One of SingleStone’s Scrum coaches makes an insightful comparison between Agile and the 4x100m relay.
I love the 4x100m relay (in the track world it is known as the 4×1). I’m slow, so they never picked me to run it, but I do love watching it. I love it because it’s fast, I love it because it looks chaotic but is highly coordinated, I love it because the fastest 4 runners are not guaranteed to win. Though I’ve never been tapped to run the 4×1, I have become a professional coach of something that looks and feels very similar (at least from the sideline), Scrum (an Agile software framework). My team are the main performers, I do what I can to help them perform; Jon Drummond 2012 US National 4x100m Relay coach helps me. Take a look at this interactive feature from the NY Times.
The relay is singular in purpose
The goal of the relay is to deliver the baton one lap around the track as fast as possible. This, in purpose, has very little to do with the runners. They are enablers of the baton, and their main measure of success is delivery of the baton. In Scrum, our main measure of success is delivery of working software. My teammates are brilliant, amazing really, but each one’s great work alone doesn’t create success for the project. “I don’t care how many people you have that run fast, if the baton doesn’t make it, the race is over!”

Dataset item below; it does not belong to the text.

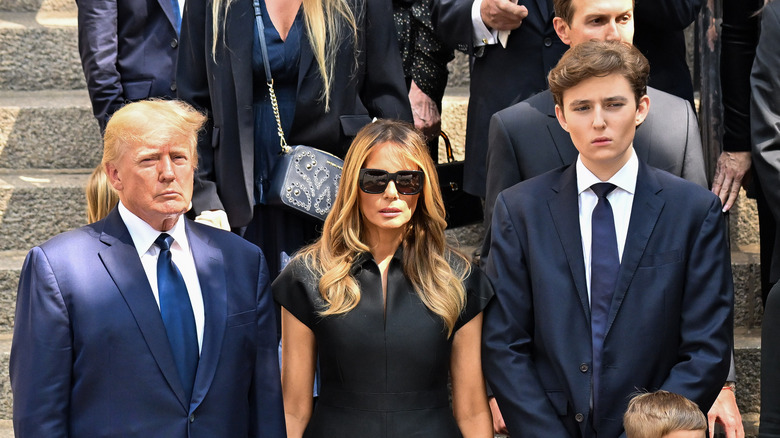 Donald Trump, Melania Trump e Barron Trump al funerale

The team will lose if they don’t synchronize
This is where our scrum teams have really taken a cue: “Imagine if you have two cars driving on the freeway, one is driving 28mph [approaching a car in the same lane from behind] driving 19mph, at some point there is going to be a wreck! … how do you reach this top end speed and get the baton to continue to move without stopping or breaking the speed of the incoming runner?…That is what makes the relay so intricate.”
In the 4×1 there is something called the Flyzone. The Flyzone is a 10-meter acceleration lane in which the outgoing runner can accelerate before entering the exchange zone where the incoming runner hands off the baton. Before the race, the outgoing runner marks a trigger line on the track. When the incoming runner crosses that line, the outgoing runner will take off. If the outgoing runner isn’t flying with the baton about 15-20m later, the whole race is in jeopardy.
Listen into a daily standup on our team and you might hear the trigger word, “flyzone,” meaning something like “I’m wrapping up development, and you [tester] can expect the feature ready to be tested by the end of the day, so because there is always a bit of preparation to do, you better run!” Handoff planning and communication help our teams keep the baton flying around the track.
The race is settled at the 3rd pass
We know, and Agile tells us, that predictable delivery of working software is the primary measure of success. This honestly shows us whether we are winning or losing the race. Effort spent doesn’t really matter. In the 4×1, three great passes will differentiate the team every time. With 100 meters still remaining, the hard work is behind the team, and simple math can tell us who is going to win. In the 2012 Men’s Olympic Final, when the fastest man in the world got the baton perfectly, the race was settled, and 9 seconds later it was over. The World Record was ‘dismantled’!
The first time I shared this concept with a team, the next day a baton showed up on our team table (thanks to a generous teammate with Amazon Prime). I think he got it. That team moved that baton fluidly. No longer did anyone just run, they moved the baton together.
In Agile we move as a team, we practice communication, we have a singular focus, we know we can always improve, and so can you! So find a good coach, plan out your communication strategy, declare your purpose, practice your handoffs and NEVER stop improving. Go!